Lorsque ces deux éléments distincts se présentent dans l’espace de l’annonce, on peut plutôt dire que le slogan existe pour la signature, dans la mesure où, mettant en relief l’appartenance du produit, il est voué à faire mémoriser la marque. Il y a donc un rapport d’assujettissement du slogan à la signature. À titre d’exemple, Renault utilise, depuis des années, une formule « Renault, créateur d’automobiles ». Le constructeur l’insère dans toutes ses campagnes publicitaires (télévision, radio, presse, affiche, etc.) mais il l’insère ainsi dans les divers documents utilisés pour d’autres modes de communication, tels que le publipostage, le parrainage, le salon, etc. Marquée par la notion d’entreprise, cette formule est donc plutôt une devise de la marque qu’un slogan publicitaire à proprement parler.

Tout de même, une tendance actuelle de l’annonce nous démontre que le seuil séparant l’accroche de la signature tend à devenir flou, au fur et à mesure que se présentent des occurrences où une formule, signature à l’origine, se transforme en accroche ou vice-versa. Si, dans l’annonce imprimée, on peut aussi saisir cette formule déjà citée, « Tous les bonheurs du monde » (Club Med) comme un slogan, c’est parce que se détachant de l’écusson, la devise de l’entreprise, qui était sa signature, fonctionne désormais comme une accroche. C’est-à-dire que s’efface la frontière entre la communication pour le produit et la communication pour l’entreprise.

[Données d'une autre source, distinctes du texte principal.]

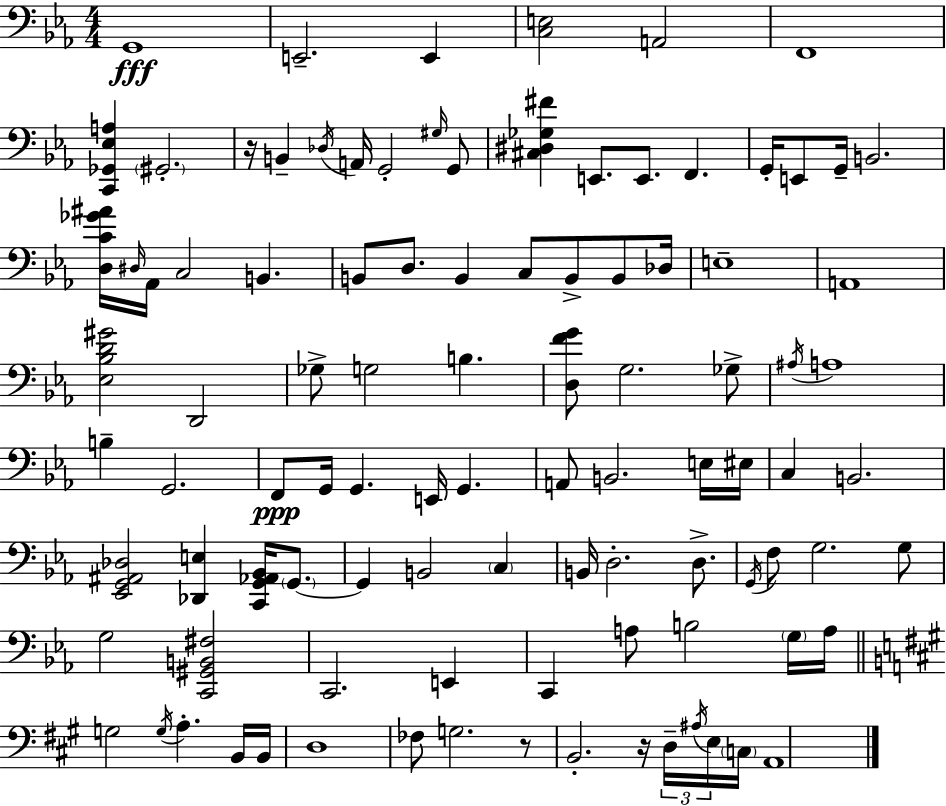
X:1
T:Untitled
M:4/4
L:1/4
K:Cm
G,,4 E,,2 E,, [C,E,]2 A,,2 F,,4 [C,,_G,,_E,A,] ^G,,2 z/4 B,, _D,/4 A,,/4 G,,2 ^G,/4 G,,/2 [^C,^D,_G,^F] E,,/2 E,,/2 F,, G,,/4 E,,/2 G,,/4 B,,2 [D,C_G^A]/4 ^D,/4 _A,,/4 C,2 B,, B,,/2 D,/2 B,, C,/2 B,,/2 B,,/2 _D,/4 E,4 A,,4 [_E,_B,D^G]2 D,,2 _G,/2 G,2 B, [D,FG]/2 G,2 _G,/2 ^A,/4 A,4 B, G,,2 F,,/2 G,,/4 G,, E,,/4 G,, A,,/2 B,,2 E,/4 ^E,/4 C, B,,2 [_E,,G,,^A,,_D,]2 [_D,,E,] [C,,G,,_A,,_B,,]/4 G,,/2 G,, B,,2 C, B,,/4 D,2 D,/2 G,,/4 F,/2 G,2 G,/2 G,2 [C,,^G,,B,,^F,]2 C,,2 E,, C,, A,/2 B,2 G,/4 A,/4 G,2 G,/4 A, B,,/4 B,,/4 D,4 _F,/2 G,2 z/2 B,,2 z/4 D,/4 ^A,/4 E,/4 C,/4 A,,4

Finalement, compte tenu du fait que le paysage publicitaire actuel tend à devenir de plus en plus confus, il conviendrait peut-être de caractériser le slogan publicitaire de l’annonce comme une « formule vide ». Ainsi, cette caractérisation du slogan y reconnaît qu’il requiert des efforts, conformément au caractère médiatique de support lu de l’annonce imprimée et affichée. Selon nous, le slogan est finalement caractérisable comme une « formule verbale » qui sert à identifier, à l’aide d’une intuition, au cours du

processus de la perception191. En ce sens, nous pouvons adopter cette description du slogan proposée par Blanche-Noëlle Grunig :

Le slogan est actuellement, et provisoirement sans doute, un enchaînement verbal, de longueur très souvent réduite à une ou deux phrases ou interventions, qui occupe une position perceptivement remarquable dans l’affiche ou la page (grâce à la taille et la qualité de ses caractères et à la répartition dans l’espace des différentes manifestations iconiques ou verbales). C’est à notre avis ce caractère relatif, résultant d’une comparaison perceptive, qui désigne le slogan.192

Nous croyons que cette manière de déterminer le slogan est finalement la meilleure façon de pouvoir l’identifier, vu l’imbroglio sémiologique et l’embarras terminologique régnants. D’ailleurs, n’est-ce pas de cette manière que, par un « débrouillage » opéré en situation de communication, le public reconnaît quotidiennement et spontanément le slogan publicitaire ?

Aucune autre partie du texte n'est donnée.